Derzeit lebt er an der Grenze zwischen Hobby und Profitum. Aber Kraus will mehr. Die Gesamtwertungen von Serien gewinnen etwa. Im weltweiten Ranking beendete Kraus die letzte Saison auf Position 20 und war der zweitbeste Deutsche. Aber der Erfolg darf sich irgendwann auch auszahlen. "Wenn ich nebenbei ein bisschen Geld verdienen würde, würde ich nicht nein sagen", erzählt Kraus. Wenn man sich die Wachstumsraten von iRacing anschaut, scheint es wohl nur eine Frage der Zeit zu sein. 40 Rennserien werden in der Simulation abgebildet, monatlich nutzen laut Unternehmensangaben 60000 Fahrer iRacing, der jährliche Traffic-Zuwachs beim Online-Gaming beträgt 40 Prozent. Rennsimulationen haben von der Corona-Krise profitiert, es ist Geld im System.

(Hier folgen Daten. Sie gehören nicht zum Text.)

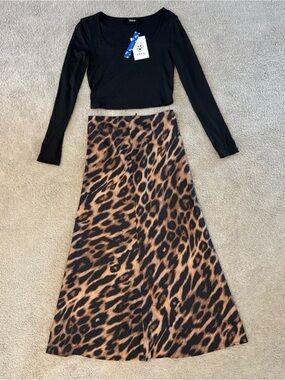 Cider Leopard Print A-Line Skirt in Brown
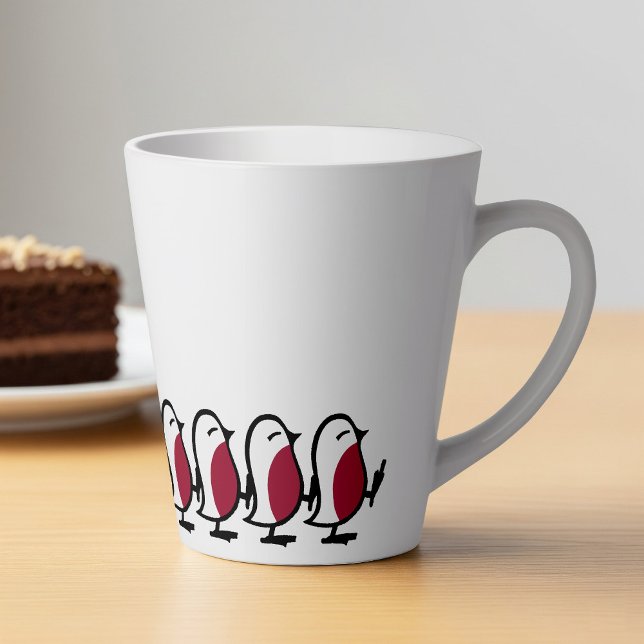 Cute Marching Robins Simple Bird Line Drawing Latte Mug (Creator Uploaded)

Das sind die Fakten. Man kann aber auch der Expertise des Vaters von Kraus vertrauen, der seinen Unterhalt im realen Motorsport verdient. "Der sagt, SiM-Race ist die Zukunft, weil immer mehr Unternehmen dort hingehen", sagt der 26- Jährige. Als Kraus seine SiM-Racing-Karriere startete, witzelten seine Eltern noch ab und zu, ob er wieder Computer spiele. Jetzt verfolgen sie die Rennen des Sohnes per Livestream.